#### TASK TO CARRY OUT
Return the records word for word. Any pictures in them are not part of the copy.

#### RECORDS SHOWN
◇ ◇ ◇ ◇ ◇
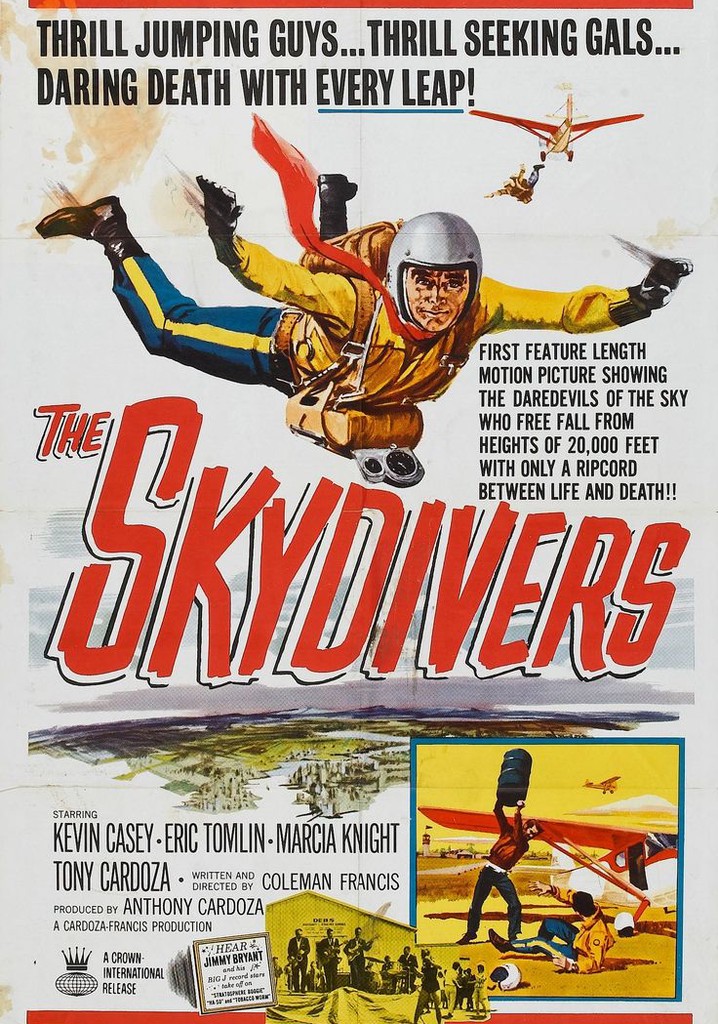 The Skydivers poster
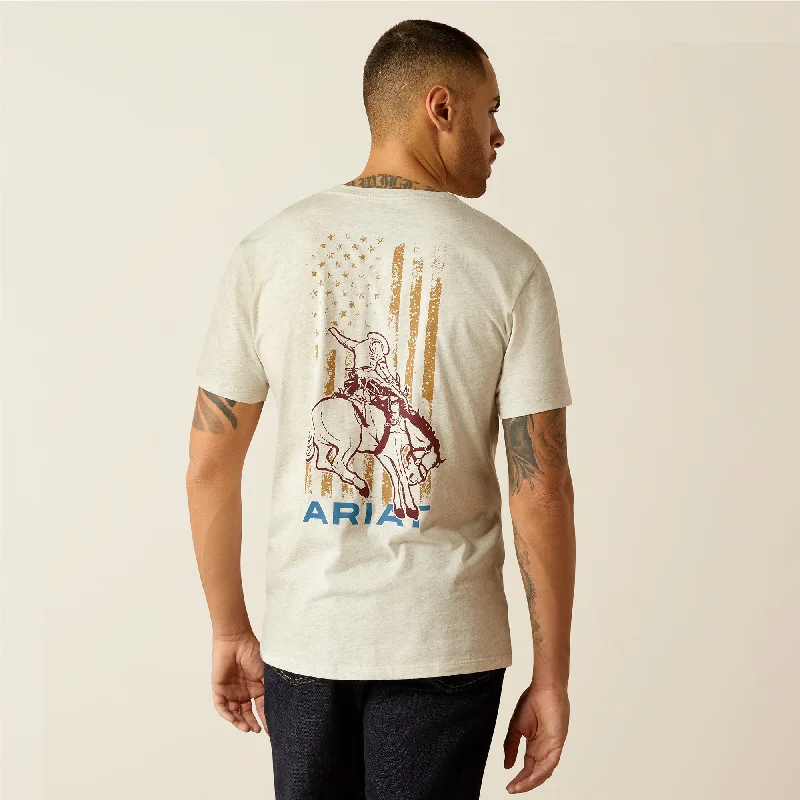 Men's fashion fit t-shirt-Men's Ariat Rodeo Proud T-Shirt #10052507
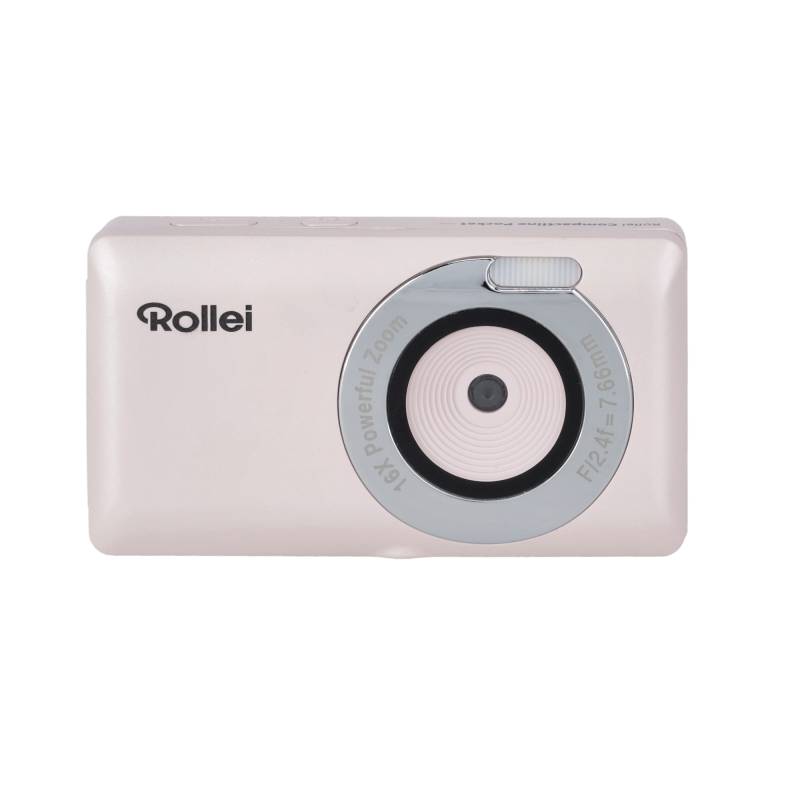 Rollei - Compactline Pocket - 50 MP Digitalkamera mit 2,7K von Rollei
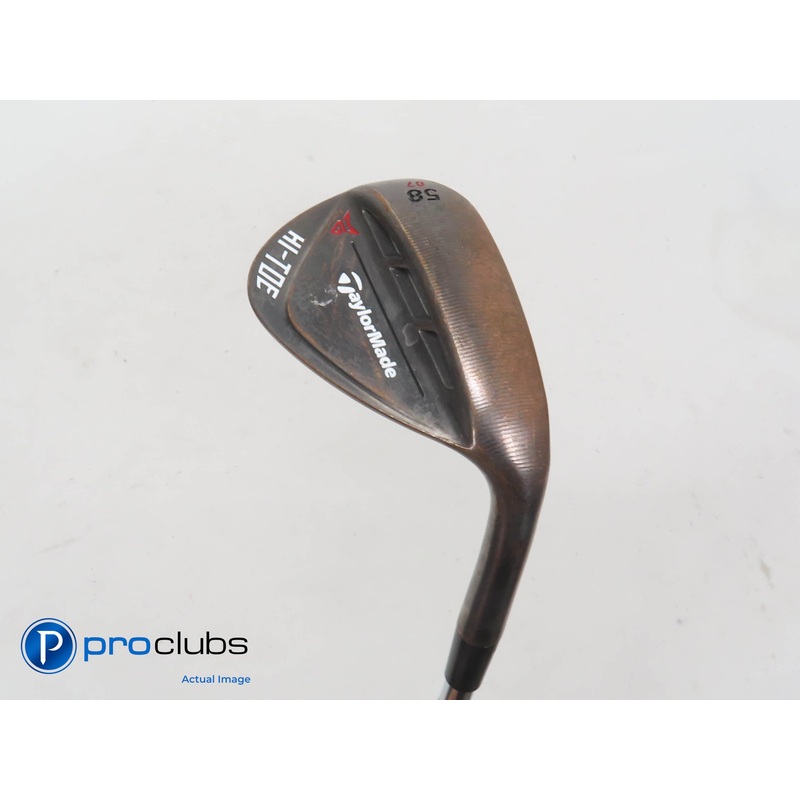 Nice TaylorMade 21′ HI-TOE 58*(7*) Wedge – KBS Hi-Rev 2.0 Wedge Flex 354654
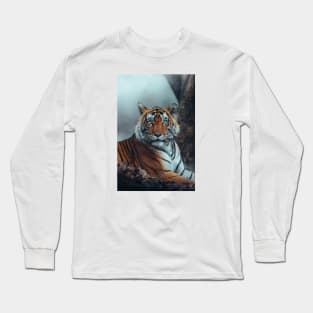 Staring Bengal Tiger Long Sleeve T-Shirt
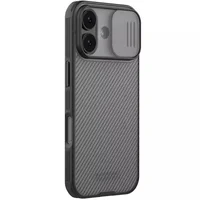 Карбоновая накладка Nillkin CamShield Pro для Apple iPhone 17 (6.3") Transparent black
◇ ◇ ◇ ◇ ◇
#### WRITTEN RESPONSE
 The Skydivers poster
 Men's fashion fit t-shirt-Men's Ariat Rodeo Proud T-Shirt #10052507
 Rollei - Compactline Pocket - 50 MP Digitalkamera mit 2,7K von Rollei
 Nice TaylorMade 21′ HI-TOE 58*(7*) Wedge – KBS Hi-Rev 2.0 Wedge Flex 354654
 Staring Bengal Tiger Long Sleeve T-Shirt
 Карбоновая накладка Nillkin CamShield Pro для Apple iPhone 17 (6.3") Transparent black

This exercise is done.